Another thought… some of you have elements that are impossible IRL… my submerged villa, for example, appears to be Roman (as yet undiscovered in Central Florida!) and remains perfectly preserved, whether or not it is underwater. Also, one of the shores I can reach in my rowboat is actually the Atlantic, and looks a lot like Canaveral National Seashore Park. Do you think more of your dreamscape is practical or fantastic?
I have several, and they are not connected.
My favorite is an underwater town. It is deserted, but in perfect condition - the walls are smooth and pastel (adobe? wouldn’t work underwater, of course). The streets are still streets, but nobody walks on them, I swim above them. Fishes hover and scoot around like birds do in a normal town… there are corals placed like decorative trees and parks. You can swim in a window (all the windows are open) and see the furniture. The rooms are sparsely furnished and most of the furniture appears to be built in.
I always approach this place by finding myself swimming downward through ever more pressurized water, until it is difficult, but not impossible, to breathe.
It took me years to realize that I dream this place when I am having a mild asthma attack in my sleep, because the labored breathing triggers it.
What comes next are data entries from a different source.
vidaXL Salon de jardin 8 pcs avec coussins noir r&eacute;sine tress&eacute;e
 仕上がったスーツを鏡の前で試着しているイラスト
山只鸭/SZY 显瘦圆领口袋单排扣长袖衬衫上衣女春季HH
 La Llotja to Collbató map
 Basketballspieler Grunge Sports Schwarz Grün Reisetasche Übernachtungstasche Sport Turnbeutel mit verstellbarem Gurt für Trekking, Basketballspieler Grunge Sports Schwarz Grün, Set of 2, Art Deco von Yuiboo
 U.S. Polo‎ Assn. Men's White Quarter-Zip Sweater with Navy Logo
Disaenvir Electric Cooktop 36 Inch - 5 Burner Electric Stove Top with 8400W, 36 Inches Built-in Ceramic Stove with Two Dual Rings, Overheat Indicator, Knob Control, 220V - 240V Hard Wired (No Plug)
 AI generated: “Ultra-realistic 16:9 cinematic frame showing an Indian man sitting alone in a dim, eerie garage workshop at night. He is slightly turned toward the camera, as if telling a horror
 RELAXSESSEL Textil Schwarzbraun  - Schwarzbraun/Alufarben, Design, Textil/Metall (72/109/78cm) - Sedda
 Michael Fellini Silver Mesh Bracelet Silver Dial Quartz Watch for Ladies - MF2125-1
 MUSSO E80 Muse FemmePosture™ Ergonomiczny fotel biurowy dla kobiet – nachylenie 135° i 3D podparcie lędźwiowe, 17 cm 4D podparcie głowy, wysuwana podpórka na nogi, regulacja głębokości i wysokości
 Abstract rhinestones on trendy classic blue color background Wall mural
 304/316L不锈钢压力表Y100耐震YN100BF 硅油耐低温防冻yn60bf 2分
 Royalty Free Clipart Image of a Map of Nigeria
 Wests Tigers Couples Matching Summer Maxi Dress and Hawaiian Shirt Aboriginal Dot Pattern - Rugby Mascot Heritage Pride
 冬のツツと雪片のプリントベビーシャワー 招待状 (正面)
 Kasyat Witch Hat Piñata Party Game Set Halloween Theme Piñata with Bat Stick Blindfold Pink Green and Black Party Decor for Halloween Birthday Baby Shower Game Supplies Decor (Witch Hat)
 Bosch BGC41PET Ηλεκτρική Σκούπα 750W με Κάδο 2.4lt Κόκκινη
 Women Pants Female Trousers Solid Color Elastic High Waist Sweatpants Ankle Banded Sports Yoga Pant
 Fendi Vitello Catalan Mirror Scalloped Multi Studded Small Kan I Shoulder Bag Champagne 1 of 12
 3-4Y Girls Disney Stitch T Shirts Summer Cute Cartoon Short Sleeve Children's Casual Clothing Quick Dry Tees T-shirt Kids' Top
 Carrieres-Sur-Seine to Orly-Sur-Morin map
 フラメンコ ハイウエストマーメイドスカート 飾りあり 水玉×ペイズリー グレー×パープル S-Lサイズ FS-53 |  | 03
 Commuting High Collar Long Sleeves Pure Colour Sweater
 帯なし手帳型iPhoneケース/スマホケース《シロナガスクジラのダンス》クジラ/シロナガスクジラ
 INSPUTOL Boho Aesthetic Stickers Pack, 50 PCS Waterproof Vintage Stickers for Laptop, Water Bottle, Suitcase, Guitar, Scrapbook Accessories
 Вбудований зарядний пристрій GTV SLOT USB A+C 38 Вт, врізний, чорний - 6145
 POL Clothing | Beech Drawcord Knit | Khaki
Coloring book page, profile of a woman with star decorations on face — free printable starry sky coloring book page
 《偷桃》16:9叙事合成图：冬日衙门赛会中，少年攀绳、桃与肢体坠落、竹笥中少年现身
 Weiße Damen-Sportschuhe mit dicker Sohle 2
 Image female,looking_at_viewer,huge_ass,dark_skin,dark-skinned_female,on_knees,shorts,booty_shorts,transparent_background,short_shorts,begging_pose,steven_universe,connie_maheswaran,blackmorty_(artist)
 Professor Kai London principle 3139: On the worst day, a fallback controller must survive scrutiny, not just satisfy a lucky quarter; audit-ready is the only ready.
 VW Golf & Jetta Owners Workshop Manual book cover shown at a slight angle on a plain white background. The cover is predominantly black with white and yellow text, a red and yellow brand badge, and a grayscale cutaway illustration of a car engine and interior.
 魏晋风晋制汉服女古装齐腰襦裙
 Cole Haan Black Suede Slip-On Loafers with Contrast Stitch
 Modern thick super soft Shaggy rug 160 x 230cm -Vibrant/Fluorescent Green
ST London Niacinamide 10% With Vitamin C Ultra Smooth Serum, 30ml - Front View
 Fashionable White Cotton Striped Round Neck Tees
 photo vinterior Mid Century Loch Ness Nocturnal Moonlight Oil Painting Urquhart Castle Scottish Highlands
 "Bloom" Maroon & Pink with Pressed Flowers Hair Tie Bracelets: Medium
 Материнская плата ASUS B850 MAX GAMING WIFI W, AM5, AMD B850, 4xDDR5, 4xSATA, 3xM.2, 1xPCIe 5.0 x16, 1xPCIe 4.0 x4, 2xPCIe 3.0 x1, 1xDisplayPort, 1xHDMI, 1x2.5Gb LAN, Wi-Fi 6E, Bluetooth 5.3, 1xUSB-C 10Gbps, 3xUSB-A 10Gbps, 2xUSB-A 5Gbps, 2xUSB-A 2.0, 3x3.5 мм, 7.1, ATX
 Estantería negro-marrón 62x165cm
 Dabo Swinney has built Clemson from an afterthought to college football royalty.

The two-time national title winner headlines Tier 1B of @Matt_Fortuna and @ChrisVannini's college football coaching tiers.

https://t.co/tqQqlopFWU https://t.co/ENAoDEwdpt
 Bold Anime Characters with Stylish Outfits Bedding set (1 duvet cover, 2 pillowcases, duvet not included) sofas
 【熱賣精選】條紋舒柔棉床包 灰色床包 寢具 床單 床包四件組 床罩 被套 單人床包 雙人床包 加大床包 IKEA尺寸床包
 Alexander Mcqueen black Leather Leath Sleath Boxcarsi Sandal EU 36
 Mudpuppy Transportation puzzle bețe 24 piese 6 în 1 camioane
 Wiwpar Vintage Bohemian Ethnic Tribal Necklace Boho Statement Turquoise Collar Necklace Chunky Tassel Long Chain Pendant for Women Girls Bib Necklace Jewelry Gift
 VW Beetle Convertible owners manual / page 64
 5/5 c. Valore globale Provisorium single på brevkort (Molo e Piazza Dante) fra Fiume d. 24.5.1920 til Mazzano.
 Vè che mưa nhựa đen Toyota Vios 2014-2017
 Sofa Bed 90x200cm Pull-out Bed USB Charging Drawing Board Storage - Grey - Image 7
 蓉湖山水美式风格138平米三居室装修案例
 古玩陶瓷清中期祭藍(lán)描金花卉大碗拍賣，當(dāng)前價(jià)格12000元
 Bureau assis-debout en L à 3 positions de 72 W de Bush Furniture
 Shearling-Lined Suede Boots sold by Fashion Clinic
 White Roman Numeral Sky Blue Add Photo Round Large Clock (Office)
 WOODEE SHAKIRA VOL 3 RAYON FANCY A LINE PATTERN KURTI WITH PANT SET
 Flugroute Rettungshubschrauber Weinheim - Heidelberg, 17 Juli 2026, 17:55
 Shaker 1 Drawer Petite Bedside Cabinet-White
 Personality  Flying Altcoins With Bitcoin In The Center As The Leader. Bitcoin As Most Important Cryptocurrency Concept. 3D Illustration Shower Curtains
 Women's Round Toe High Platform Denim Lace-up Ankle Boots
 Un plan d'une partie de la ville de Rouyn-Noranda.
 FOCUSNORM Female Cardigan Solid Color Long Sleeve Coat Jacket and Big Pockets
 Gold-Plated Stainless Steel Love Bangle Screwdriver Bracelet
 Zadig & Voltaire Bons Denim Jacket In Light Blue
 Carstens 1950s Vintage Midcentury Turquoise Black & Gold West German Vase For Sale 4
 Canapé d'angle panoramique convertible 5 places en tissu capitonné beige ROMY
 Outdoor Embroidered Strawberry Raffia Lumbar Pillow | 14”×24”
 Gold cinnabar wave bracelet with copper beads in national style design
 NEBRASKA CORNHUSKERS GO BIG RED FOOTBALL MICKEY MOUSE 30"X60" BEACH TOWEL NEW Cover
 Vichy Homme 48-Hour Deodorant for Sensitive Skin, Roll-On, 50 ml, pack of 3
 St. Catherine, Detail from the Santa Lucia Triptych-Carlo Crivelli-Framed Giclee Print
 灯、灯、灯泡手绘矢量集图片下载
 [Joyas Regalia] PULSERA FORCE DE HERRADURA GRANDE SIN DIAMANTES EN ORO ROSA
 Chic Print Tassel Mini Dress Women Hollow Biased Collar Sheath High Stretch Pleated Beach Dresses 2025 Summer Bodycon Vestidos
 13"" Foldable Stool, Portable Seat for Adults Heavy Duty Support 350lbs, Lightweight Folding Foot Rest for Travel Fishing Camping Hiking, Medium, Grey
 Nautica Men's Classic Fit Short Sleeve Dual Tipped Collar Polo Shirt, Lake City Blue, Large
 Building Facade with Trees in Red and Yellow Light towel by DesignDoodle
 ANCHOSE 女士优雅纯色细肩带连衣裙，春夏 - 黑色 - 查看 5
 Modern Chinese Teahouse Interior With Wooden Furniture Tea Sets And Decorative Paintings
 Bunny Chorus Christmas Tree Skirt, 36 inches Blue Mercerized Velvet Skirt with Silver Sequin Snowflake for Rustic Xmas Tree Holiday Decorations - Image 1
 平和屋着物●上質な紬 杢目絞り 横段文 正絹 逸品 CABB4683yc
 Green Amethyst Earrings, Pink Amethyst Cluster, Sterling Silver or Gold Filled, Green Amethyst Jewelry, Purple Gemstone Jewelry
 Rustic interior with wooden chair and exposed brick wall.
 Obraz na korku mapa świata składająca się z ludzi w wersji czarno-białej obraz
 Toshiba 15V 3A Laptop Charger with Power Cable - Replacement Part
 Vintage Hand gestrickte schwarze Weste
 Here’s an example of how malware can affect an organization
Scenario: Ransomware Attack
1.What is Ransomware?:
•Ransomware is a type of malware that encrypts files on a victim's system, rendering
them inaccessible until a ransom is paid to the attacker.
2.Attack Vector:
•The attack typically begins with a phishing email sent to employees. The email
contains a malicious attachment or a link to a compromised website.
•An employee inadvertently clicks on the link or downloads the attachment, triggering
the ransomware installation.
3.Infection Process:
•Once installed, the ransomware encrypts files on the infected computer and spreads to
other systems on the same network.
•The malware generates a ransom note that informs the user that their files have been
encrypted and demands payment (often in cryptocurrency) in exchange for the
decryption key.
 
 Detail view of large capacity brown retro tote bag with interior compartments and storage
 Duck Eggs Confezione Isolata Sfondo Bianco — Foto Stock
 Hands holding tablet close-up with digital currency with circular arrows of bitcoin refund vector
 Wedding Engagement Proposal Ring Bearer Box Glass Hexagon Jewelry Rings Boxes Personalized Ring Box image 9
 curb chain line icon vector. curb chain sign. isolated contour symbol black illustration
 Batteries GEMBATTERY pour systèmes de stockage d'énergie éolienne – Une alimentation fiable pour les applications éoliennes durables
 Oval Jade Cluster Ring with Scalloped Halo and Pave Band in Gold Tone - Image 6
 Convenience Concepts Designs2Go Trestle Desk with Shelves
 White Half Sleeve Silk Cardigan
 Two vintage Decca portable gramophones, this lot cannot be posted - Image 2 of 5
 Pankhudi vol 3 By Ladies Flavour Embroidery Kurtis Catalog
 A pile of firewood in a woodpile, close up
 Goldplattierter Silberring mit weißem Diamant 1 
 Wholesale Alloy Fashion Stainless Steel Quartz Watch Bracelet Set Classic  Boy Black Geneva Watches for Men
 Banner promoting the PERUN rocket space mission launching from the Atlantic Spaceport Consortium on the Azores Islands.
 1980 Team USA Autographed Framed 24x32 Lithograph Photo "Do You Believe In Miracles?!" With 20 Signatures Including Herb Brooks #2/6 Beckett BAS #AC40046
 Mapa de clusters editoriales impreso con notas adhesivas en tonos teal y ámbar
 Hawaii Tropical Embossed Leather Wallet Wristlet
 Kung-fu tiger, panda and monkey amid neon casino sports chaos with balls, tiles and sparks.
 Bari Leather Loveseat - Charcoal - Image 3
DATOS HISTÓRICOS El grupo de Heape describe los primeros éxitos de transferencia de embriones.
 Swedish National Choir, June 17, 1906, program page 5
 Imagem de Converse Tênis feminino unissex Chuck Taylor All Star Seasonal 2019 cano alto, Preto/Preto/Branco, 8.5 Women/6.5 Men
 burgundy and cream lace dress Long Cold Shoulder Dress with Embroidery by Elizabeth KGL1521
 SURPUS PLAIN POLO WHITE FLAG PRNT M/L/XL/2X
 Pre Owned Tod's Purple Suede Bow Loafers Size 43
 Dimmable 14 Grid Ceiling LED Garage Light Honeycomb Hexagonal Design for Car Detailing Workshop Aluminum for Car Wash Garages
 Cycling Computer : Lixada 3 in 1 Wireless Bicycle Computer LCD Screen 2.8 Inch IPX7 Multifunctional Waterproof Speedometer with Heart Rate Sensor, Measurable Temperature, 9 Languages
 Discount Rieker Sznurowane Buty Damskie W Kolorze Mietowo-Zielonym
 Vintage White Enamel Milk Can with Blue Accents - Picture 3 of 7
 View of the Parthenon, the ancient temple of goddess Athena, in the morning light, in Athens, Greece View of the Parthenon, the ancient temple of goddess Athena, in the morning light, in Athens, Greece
Since my asthma is under much better control these last several years, I don’t see it as often. I miss it in a sort of weird way.
I’m happy and relieved to see that other people have dream landscapes. I’ve had the same alternate dream life for decades.
The house is always the same, and it’s in the U.S., a white house with a veranda and a trellis that masks the space under the steps. The kitchen has a turquoise phone that I keep wanting to replace but never do. Next door there’s a grocery store next door.
What is particular about this dream is that I have many dream friends and neighbours. Once, in the dream, there was a gathering in my house and I asked a guest where I had met him. He replied that I’d met him in a dream 2 months before. Another special feature is a baby’s room. It’s empty, and when I see it I always yearn for a baby who once was there.
At one time, when in real life my husband had just died, I remember wondering in my dream if I could spend the rest of my life “there” instead of going back to the awake world.